• [TASK ITEM]:
Your answer should consist of the lines below that hold the word "image".
[[ RAW DATA, beginning ]]
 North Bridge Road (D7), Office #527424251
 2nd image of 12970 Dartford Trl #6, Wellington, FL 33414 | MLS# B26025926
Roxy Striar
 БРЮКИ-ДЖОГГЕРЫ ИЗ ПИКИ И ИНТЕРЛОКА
[[ RAW DATA, end ]]
[[ RAW DATA, beginning ]]
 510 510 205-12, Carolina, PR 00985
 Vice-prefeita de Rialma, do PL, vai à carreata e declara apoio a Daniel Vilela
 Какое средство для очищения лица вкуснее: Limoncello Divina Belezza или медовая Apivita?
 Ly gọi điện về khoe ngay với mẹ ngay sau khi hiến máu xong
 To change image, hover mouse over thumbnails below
[[ RAW DATA, end ]]
[[ RAW DATA, beginning ]]
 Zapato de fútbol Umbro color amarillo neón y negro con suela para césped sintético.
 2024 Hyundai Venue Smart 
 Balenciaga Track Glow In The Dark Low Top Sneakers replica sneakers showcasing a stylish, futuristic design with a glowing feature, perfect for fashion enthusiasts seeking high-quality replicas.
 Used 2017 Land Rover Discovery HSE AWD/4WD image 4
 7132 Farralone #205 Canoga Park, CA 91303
[[ RAW DATA, end ]]
• [EXERCISE OUTPUT]:
 2nd image of 12970 Dartford Trl #6, Wellington, FL 33414 | MLS# B26025926
 To change image, hover mouse over thumbnails below
 Used 2017 Land Rover Discovery HSE AWD/4WD image 4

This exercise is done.